Problem statement –
What is wanted is the line holding "Sol 3931: Mast Camera (Mastcam)" and every later line through the end of the entries, set down exactly.

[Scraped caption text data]
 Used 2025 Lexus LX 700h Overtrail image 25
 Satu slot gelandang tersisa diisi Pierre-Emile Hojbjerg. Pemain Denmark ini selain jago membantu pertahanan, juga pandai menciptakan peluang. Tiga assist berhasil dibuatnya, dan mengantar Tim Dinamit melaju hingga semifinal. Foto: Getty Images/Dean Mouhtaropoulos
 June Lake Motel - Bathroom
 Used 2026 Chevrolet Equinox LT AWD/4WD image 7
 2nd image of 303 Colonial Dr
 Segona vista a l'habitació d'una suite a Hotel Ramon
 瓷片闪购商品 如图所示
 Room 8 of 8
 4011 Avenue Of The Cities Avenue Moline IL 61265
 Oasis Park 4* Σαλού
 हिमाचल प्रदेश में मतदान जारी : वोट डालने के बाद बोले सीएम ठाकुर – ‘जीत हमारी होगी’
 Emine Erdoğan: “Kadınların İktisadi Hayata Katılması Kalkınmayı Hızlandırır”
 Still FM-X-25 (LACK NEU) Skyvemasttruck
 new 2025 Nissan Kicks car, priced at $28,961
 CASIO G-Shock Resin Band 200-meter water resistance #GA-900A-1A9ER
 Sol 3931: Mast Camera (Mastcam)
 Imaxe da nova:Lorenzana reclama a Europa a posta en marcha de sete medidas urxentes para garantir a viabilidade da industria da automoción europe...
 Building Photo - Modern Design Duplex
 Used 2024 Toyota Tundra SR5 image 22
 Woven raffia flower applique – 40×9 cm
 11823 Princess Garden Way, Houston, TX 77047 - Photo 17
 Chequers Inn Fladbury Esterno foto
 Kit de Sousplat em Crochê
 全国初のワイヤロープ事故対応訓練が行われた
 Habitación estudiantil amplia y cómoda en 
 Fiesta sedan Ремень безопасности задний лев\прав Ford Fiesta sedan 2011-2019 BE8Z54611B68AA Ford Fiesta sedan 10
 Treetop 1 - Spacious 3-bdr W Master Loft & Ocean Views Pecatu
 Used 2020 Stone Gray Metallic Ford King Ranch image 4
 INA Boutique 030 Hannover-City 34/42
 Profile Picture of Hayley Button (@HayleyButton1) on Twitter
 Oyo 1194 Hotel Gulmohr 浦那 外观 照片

Response to the exercise –
 Sol 3931: Mast Camera (Mastcam)
 Imaxe da nova:Lorenzana reclama a Europa a posta en marcha de sete medidas urxentes para garantir a viabilidade da industria da automoción europe...
 Building Photo - Modern Design Duplex
 Used 2024 Toyota Tundra SR5 image 22
 Woven raffia flower applique – 40×9 cm
 11823 Princess Garden Way, Houston, TX 77047 - Photo 17
 Chequers Inn Fladbury Esterno foto
 Kit de Sousplat em Crochê
 全国初のワイヤロープ事故対応訓練が行われた
 Habitación estudiantil amplia y cómoda en 
 Fiesta sedan Ремень безопасности задний лев\прав Ford Fiesta sedan 2011-2019 BE8Z54611B68AA Ford Fiesta sedan 10
 Treetop 1 - Spacious 3-bdr W Master Loft & Ocean Views Pecatu
 Used 2020 Stone Gray Metallic Ford King Ranch image 4
 INA Boutique 030 Hannover-City 34/42
 Profile Picture of Hayley Button (@HayleyButton1) on Twitter
 Oyo 1194 Hotel Gulmohr 浦那 外观 照片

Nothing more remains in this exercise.